Bad business conditions to be sure, but nothing unfair. Everyone was faced with the same situation. However, as 2009 wore on and 2010 began, Van Auken noticed that Norris’s sales were not picking up with the market. Customers were telling him that he would have to reduce his prices by 10, 20 or even 30 percent to get any business. Why? Because the Chinese producer Beijing Tianhai Industrial Company (“BTIC”) was offering its cylinders at rock bottom prices.
The only other U.S. producer of high pressure steel cylinders, Taylor Wharton International (“TWI”), was already on the rocks. It had entered bankruptcy late in 2009. Norris decided to double down on the U.S. market by purchasing TWI’s Huntsville, Alabama plant, a facility that produces smaller cylinders. This would be a nice complement to Norris’s Longview facility that turns out larger cylinders. But if Norris was to survive, it would have to do something about the Chinese onslaught. Import statistics were showing what Norris already knew from the market: Chinese sales were booming and domestic market share was rapidly shrinking.
It was not Norris that first contacted us at Haynes and Boone; we had in fact previously received a call from TWI about exploring an antidumping and countervailing duty (anti-subsidy) trade complaint against BTIC. Unfortunately, TWI was not able to stay in business long enough to seek relief from the unfair Chinese trade practices. Norris, as the last remaining U.S. producer, would have to go it alone, and Jerry Van Auken asked for our advice on whether he had a viable case.
We explained that a successful antidumping complaint would lead, in about a year’s time, to imposition of penalty duties equal to the amount by which the foreign producer was dumping its products into the United States. In other words, the antidumping law provides a variable levy that offsets the unfair trade practice.
Under internationally agreed norms, companies are not permitted to sell products into foreign markets at lower net ex-factory prices (i.e., at lower profit levels) than in their home market.
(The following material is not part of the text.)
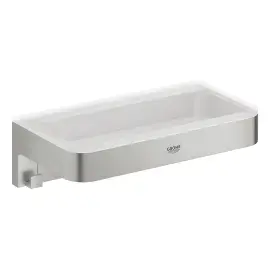 Поличка для душу Start Cube QuickFix Grohe 41107DC0 Super Steel — вид на білому тлі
This prevents companies from benefitting from a protected home market where they cover their fixed overhead while they simultaneously sell goods at less than full cost (often only slightly over variable cost) into other countries. If these sales at less than fair value result in injury to the domestic producers in the target country, under WTO rules, they can be offset with antidumping duties. The result is not protectionist; rather it is designed to maintain fair international pricing and promote free trade.
For a non-market economy (“NME”) country such as China, the fair value for dumping purposes is a bit more difficult to ascertain, since home market prices in an NME country are not considered true indicators of market costs and values. Accordingly, a special methodology is used to calculate NME fair values. This methodology requires the U.S. Department of Commerce (“DOC”) to give each factor that goes into the subject merchandise (e.g., steel, plastic, paint, electricity, labor, etc., as well as overhead) a surrogate value taken from a market economy country at an equivalent level of economic development. For years, India had been the source of surrogate values for Chinese products, but recently DOC has turned to a group of six countries including Colombia, Indonesia, the Philippines, South Africa, Thailand and Ukraine.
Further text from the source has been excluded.